I’ve written before about the scene at Jet Propulsion Laboratory in Pasadena that night, when Enceladus showed us her stuff. It was a noisy, wonderful experience, made even  more exciting by the fact that when this picture came down from the Deep Space Network and scanned across the screen, it was during a live broadcast of Nightline. A lot of science writers and planetary scientists were standing around watching, and thus we were all together in one big happy family jabbering to each other about what we were seeing on the screens. We made so much noise when we saw the pics that the floor directors for Nightline had to shush us several times, pretty much to no avail!  Hey… we were watching planetary science history unfold before our eyes.  With all due respect to Ted Koppel, Enceladus was far more fetching and mysterious, and we weren’t going to let the chance go by to do instant science interpretation on that amazing image!

Venting on Enceladus

Cassini’s Cameras Hit the Target

Imagine flying all the way out to Saturn’s moon Enceladus to take images of a geyser vent the size of a small mountain from a distance of about 4,700 kilometers (about 2,900 miles) while whizzing past at a speed of 64,000 kilometers (40,000 miles) per hour. That’s exactly what the Cassini-Huygens mission did last week. In managing this feat, Cassini’s cameras pinpointed the origins of icy jets shooting material out from beneath the surface of this geologically active moon. The image at left shows the target areas and where Cassini spotted those vents.

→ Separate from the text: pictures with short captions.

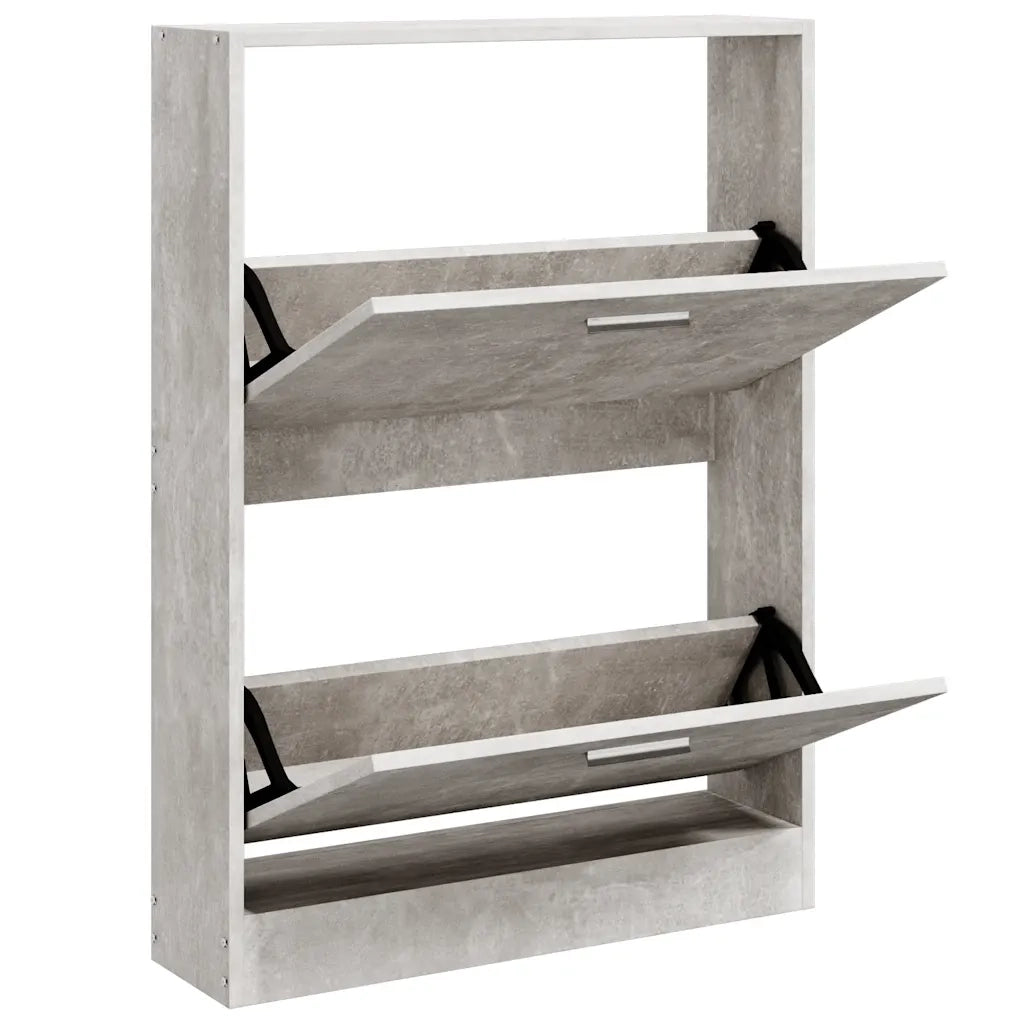 Scarpiera | Mobile per scarpe Grigio Cemento 59x17x81 cm in Legno Multistrato
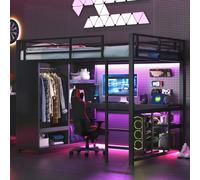 Merax lit superposé lit haut 140x200 cm, lit d'enfant avec LED, bureau, armoire ouverte, lit superposé, lit en fer, lit d'adolescent, noir
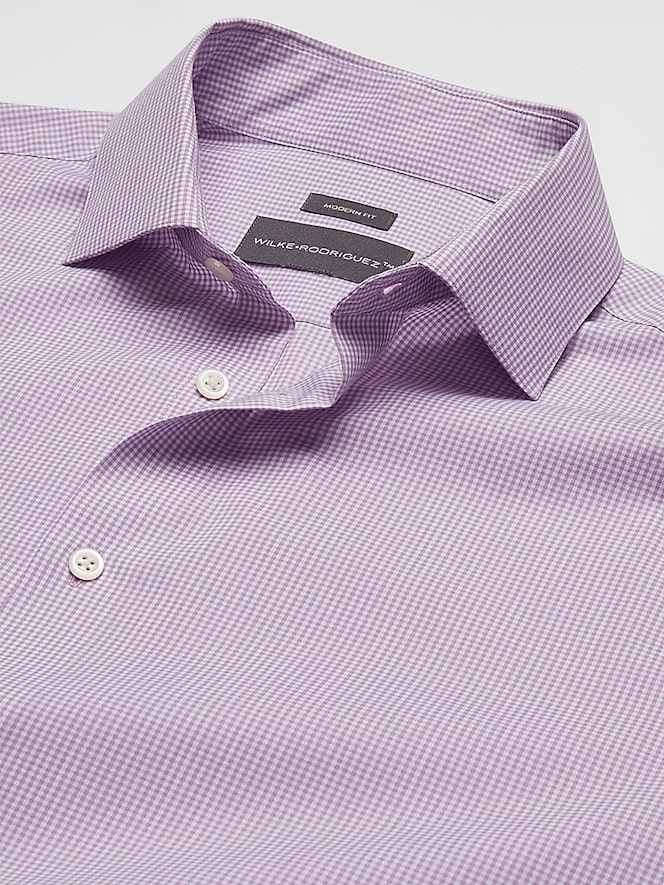 Wilke-Rodriguez Modern Fit Gingham Dress Shirt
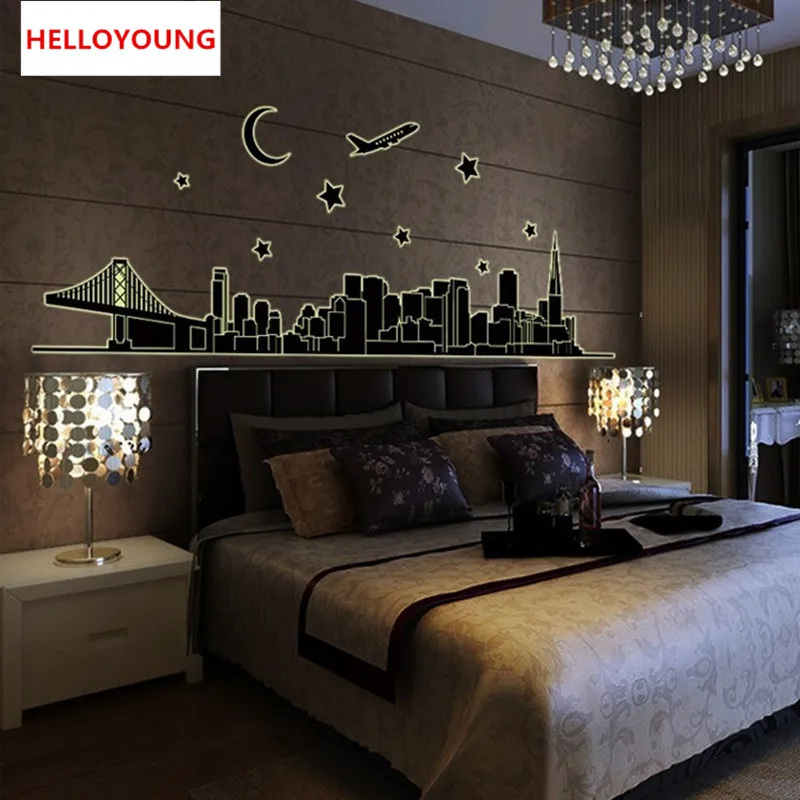 QT 0081 DIY Fluorescent City Glow In The Dark Wall Sticker Living Room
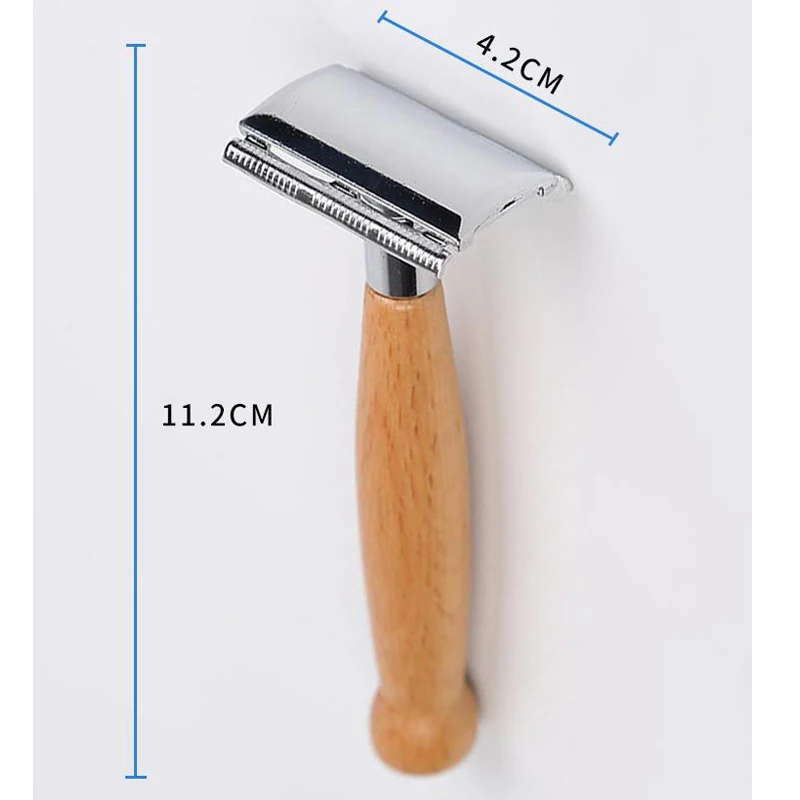 1 Pcs Nat Scheren Veiligheid Blade Scheermes Scheerapparaat Houten Handvat Kapper Mannen Handleiding Baard Hair Care Tool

These geyser-like spouts are in a region of “tiger stripe” terrain, named for the way the surface looks in earlier images of Enceladus. You can see fractures that are about 300 meters (980 feet) deep. The flanks of some of those fractures seem to have deposits of fine material that likely put there as plumes of vapor erupt through the vents. Blocks of ice tens of meters in size and larger (the size of small houses) surround the fractures.

Planetary scientists are really excited about this find because the mission is at last answering a lot of questions about Enceladus and its intriguing surface. “This is the mother lode for us,” said Carolyn Porco, Cassini imaging team leader at the Space Science Institute, Boulder, Colo. “A place that may ultimately reveal just exactly what kind of environment — habitable or not — we have within this tortured little moon.”

Enceladus has been a puzzle ever since the first Voyager 2 images showed its cracked, strangely repaved surface during a 1981 flyby. That evidence alone told scientists that something was going on with this little ice-covered moon, but they really needed high-resolution images. Voyager 2 was the reconnaissance mission to Cassini’s “in depth” followup.

So, how is Enceladus doing it?  What’s going on with those vents to cause what we see? It’s all in how material gets from relative warm areas deep inside Enceladus to the frigid surface. Imaging scientists suggest that once warm vapor rises from underground to the cold surface through narrow channels, the icy particles may condense and seal off an active vent. Because the material underneath is warmer and under some amount of pressure, it has to erupt somewhere, so eventually new jets probably appear elsewhere along the same fracture in fairly short order.